Despite the turmoil of the past few months, I've had some minor opportunities to procure major lifers. The first was in late January, when on a local tip, I was able to finally see a bird I've coveted for years - the elusive evening grosbeak.

I say elusive because these are heavily nomadic birds that travel between food sources, but because they travel, it can be hit-or-miss to see them. Apparently, however, they are regular winter visitors at Evergreen Cemetery in Springville, a short drive away - and well worth it for the views. The healthy, hearty stand of mature juniper trees in the cemetery provide abundant fruit for these large finches, and they're easily viewable there, when they do visit.

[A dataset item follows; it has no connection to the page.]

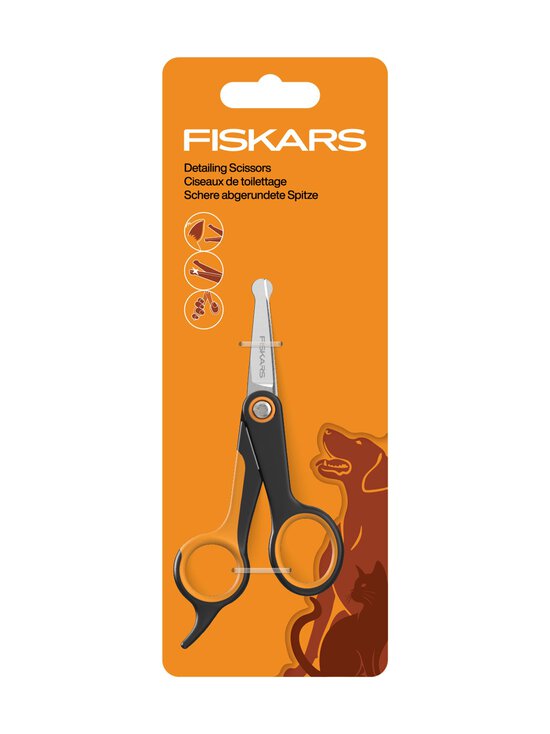 Fiskars - Detailing Pets šķēres - BLACK | Stockmann - photo 6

I was at the cemetery twice, and managed sightings both times. The first was adequate, though less than satisfying - the day was overcast so the birds' colorful plumage was not as readily visible in all its flourescent glory, and the flock of 15-20 birds was only present for a few minutes after I arrived. The next day, however, was sunny and fair, and when I returned the birds were there as well - many more (a rough estimate of likely 50 birds or more). Not only was their plumage practically glowing in the sunlight, but the combined sounds of their voracious appetites munching on juniper berries sounded like a rain shower sprinkling through dense foliage, an amazing and unexpected experience.

On that second day, the birds were more than cooperative, and were much more interested in their berries than in the attentions of an enthralled birder. I was also able to meander around the property a bit, and saw mountain chickadees, a juniper titmouse, white-breasted nuthatches, and Eurasian collared-doves. Quite the day!

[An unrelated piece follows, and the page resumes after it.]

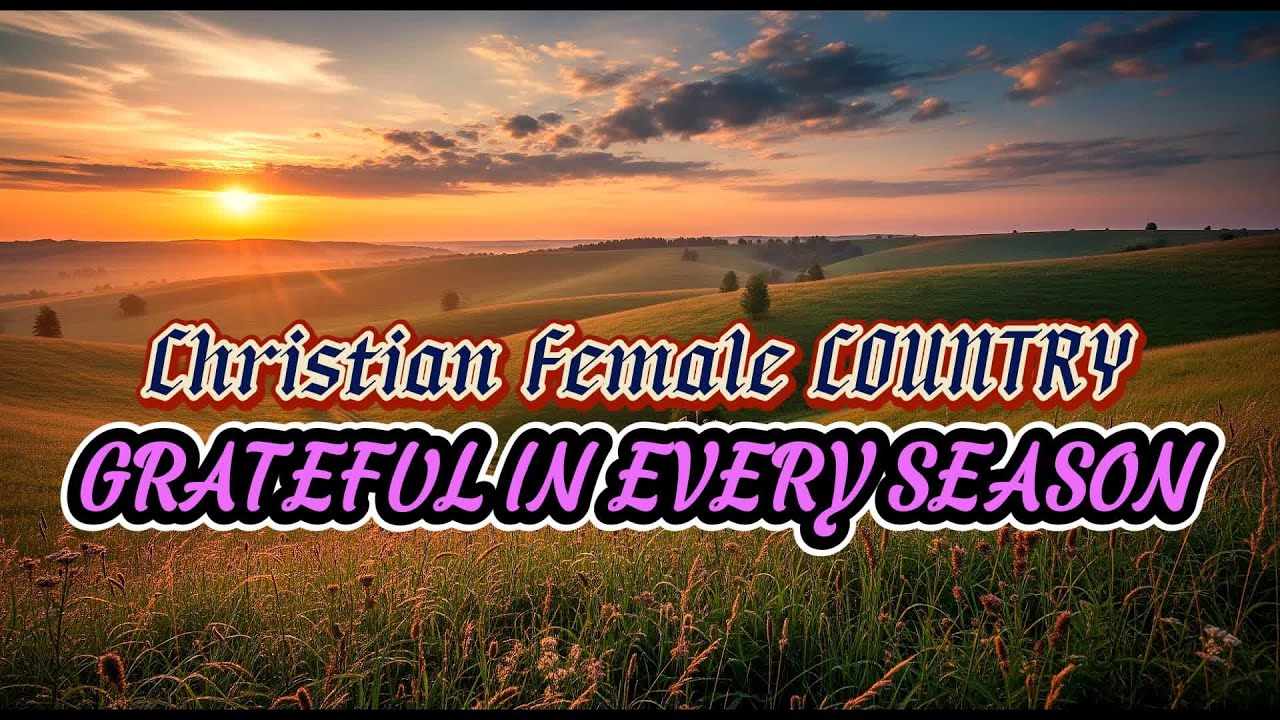 Christian country song | GRATEFUL IN EVERY SEASON |KLASER COUNTRY (FML VOCAL) | OFFICIAL LYRIC VIDEO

The evening grosbeak gets its name from its plumage coloration evocative of sunset, as well as its heavy, thick bill. For me, however, the experience was more akin to an enlightening dawn and the delicate thrill of discovering more of nature's beauty - an experience I look forward to repeating many times to come. After all, there are 10,000 bird species in the world, and I've only seen 381. That leaves me 9,619 beautiful birds to enjoy that same discovery with.

Sounds like a challenge.

1 comment:

BYBirdBlog said...

I remember seeing huge flocks of Evening Grosbeaks all the time growing up in Vermont. I can't remember the last time I have seen one. So sad.